To have any meaningful interaction with with the dev.to API, you first need an API key. You can create these on your dev.to account page. Just provide a project name to refer to the key by and click "Generate API Key". I called mine "devtogo". Call yours whatever.
Next, I get a list of all of my dev.to articles. I need this list to compare with what I content I have locally to avoid creating duplicate posts. I use the User's all articles API to fetch this list.
This is made simple and easy with the serde and reqwest crates.
⭐A crate is unit of distribution in Rust, similar to a package if you are familiar with npm or jar if you are familiar with java.
Serde makes it easy to derive a deserialization scheme for a plain old Rustlang struct at compile time.

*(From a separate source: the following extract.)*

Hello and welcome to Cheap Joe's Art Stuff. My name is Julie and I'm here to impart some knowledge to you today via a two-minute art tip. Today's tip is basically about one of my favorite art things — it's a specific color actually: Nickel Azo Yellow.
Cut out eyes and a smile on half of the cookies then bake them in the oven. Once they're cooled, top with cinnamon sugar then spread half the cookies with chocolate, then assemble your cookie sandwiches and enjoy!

#[derive(Debug, Deserialize)]
struct Article {
// other fields...
body_markdown: String,
}
Reqwest makes it easy and ergonomic to make HTTP requests that can be deserialized from a JSON response.
async fn fetch(
client: &Client,
api_key: &str,
) -> anyhow::Result<Vec<Article>> {
Ok(
client
.get(
"https://dev.to/api/articles/me/all?per_page=1000"
)
.header(
"api-key", api_key
)
.send()
.await?
.json()
.await?
)
}
The field of interest is an article's body_markdown
which has all of the information needed to make this work. Dev.to provides a useful page documenting what goes into this markdown document here. All posts require a title. A title makes an article unique.
With a list of articles on hand, devtogo collects a list of local markdown files from a local directory and parses out article titles from their front matter, validating some basic correctness rules. Front matter in this context is just structured meta data embedded within your markdown file.

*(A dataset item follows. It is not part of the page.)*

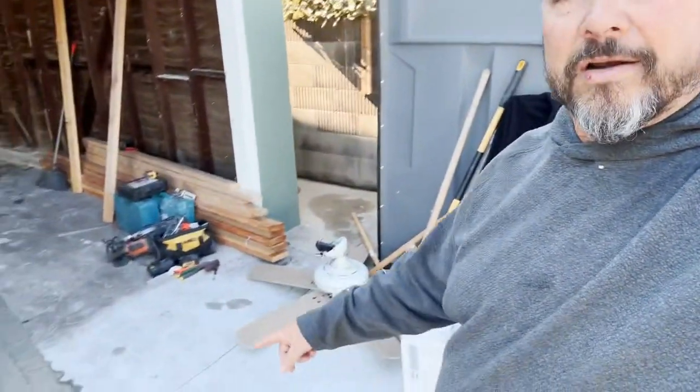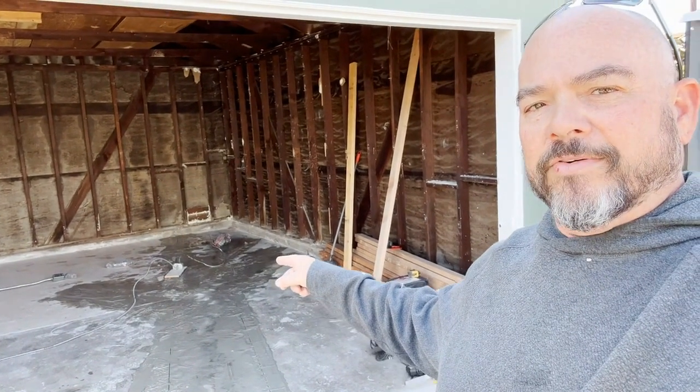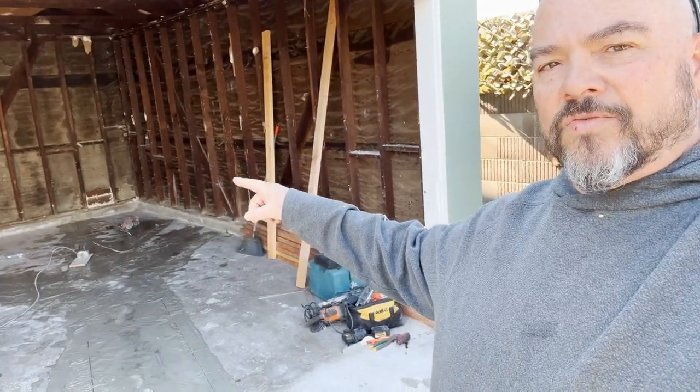All the demo is complete and now we are cutting our concrete for all our plumbing locations in the floor for the bathroom and the kitchen. So all our main lines for the drains will come out this way.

If a local article exists with a title that already exists it calls the update article API other wise it creates a new article with the create article API.
dev delivery service
I'd like for uploading articles to be based on pushes to a GitHub repository.
GitHub Actions fits this need like a glove. GitHub Actions is a declarative workflow automation tool built directly into GitHub. If you aren't using Actions by now, you are actively losing out value you get for free when using GitHub!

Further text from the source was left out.